Work item. When you copy the records that follow, please keep every word exactly as it is and leave out the pictures.

[Records from a data collection]
┄┄┄┄┄┄┄┄┄┄

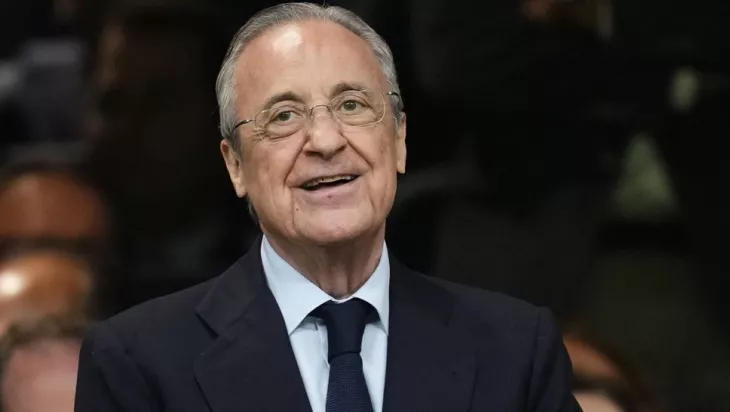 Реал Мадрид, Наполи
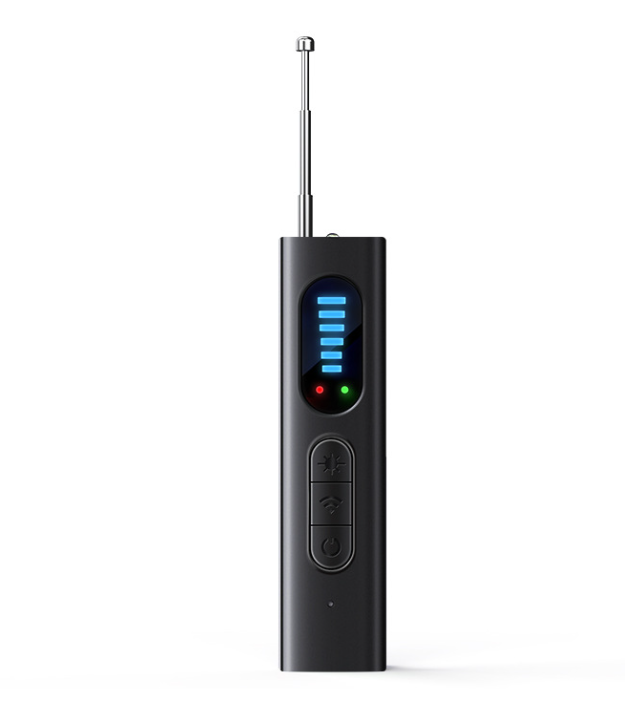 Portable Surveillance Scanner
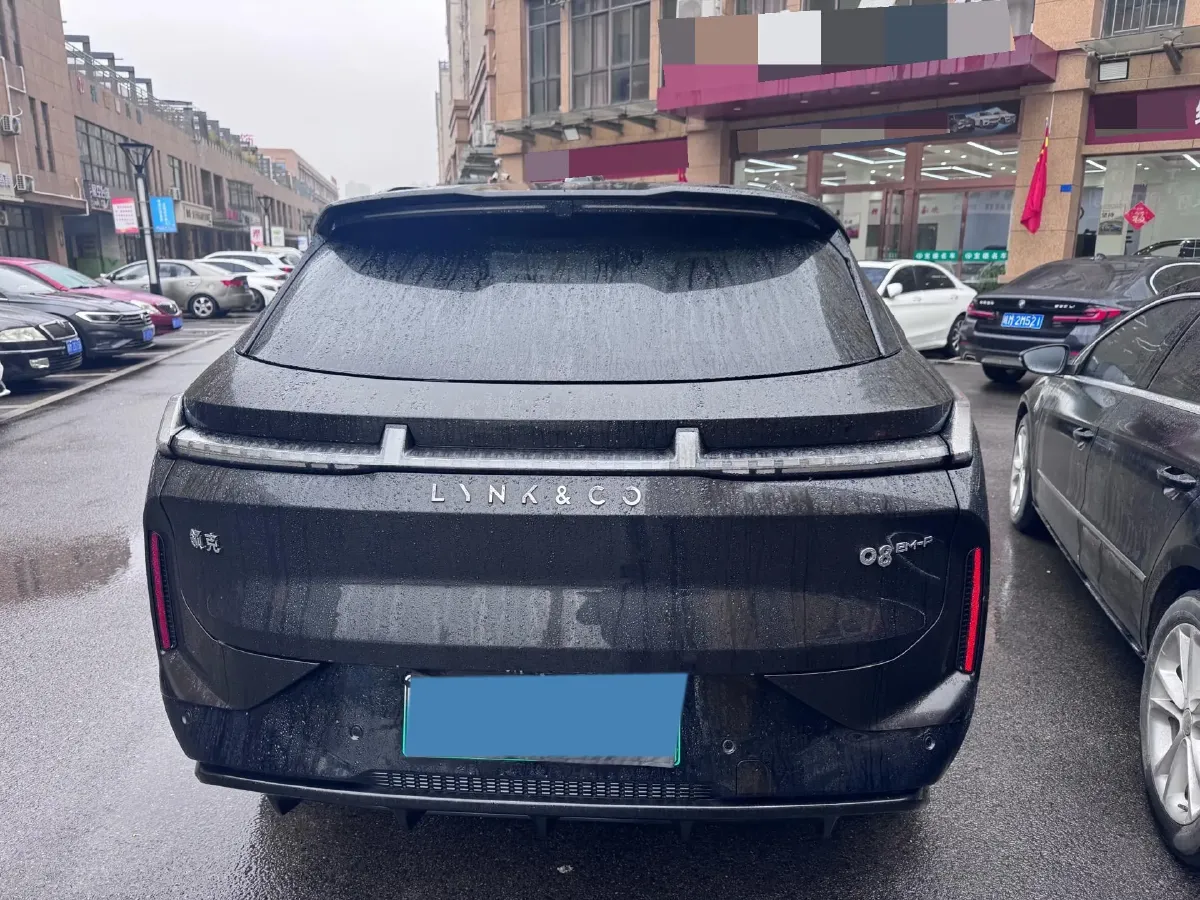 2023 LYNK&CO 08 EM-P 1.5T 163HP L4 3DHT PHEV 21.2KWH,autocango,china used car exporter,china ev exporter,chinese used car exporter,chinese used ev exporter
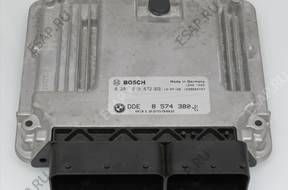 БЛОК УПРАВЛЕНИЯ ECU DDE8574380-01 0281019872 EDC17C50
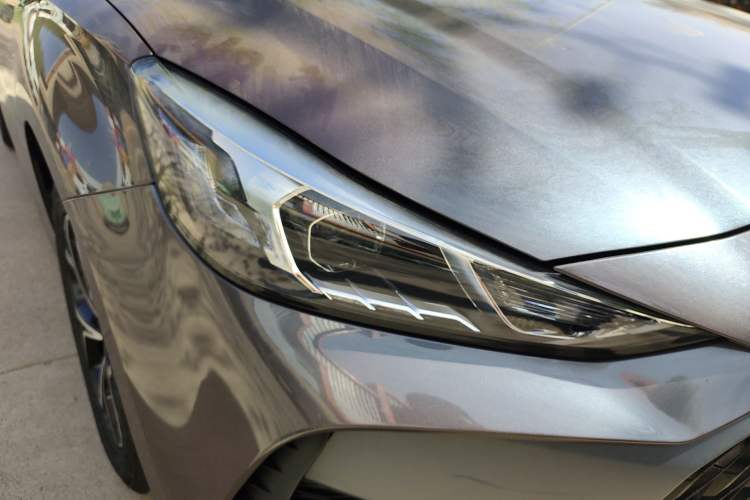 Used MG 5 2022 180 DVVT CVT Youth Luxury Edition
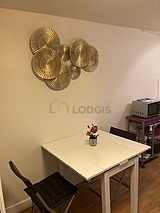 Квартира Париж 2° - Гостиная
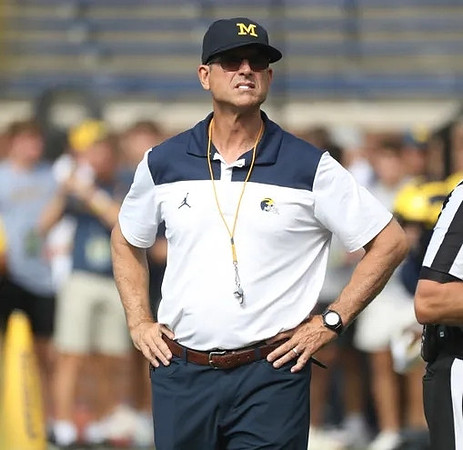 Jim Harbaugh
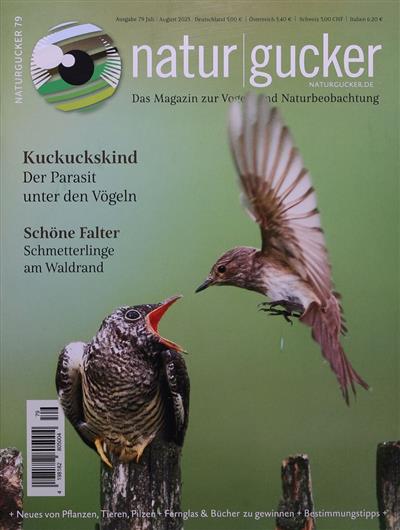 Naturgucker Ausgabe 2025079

┄┄┄┄┄┄┄┄┄┄

Solution.
 Реал Мадрид, Наполи
 Portable Surveillance Scanner
 2023 LYNK&CO 08 EM-P 1.5T 163HP L4 3DHT PHEV 21.2KWH,autocango,china used car exporter,china ev exporter,chinese used car exporter,chinese used ev exporter
 БЛОК УПРАВЛЕНИЯ ECU DDE8574380-01 0281019872 EDC17C50
 Used MG 5 2022 180 DVVT CVT Youth Luxury Edition
 Квартира Париж 2° - Гостиная
 Jim Harbaugh
 Naturgucker Ausgabe 2025079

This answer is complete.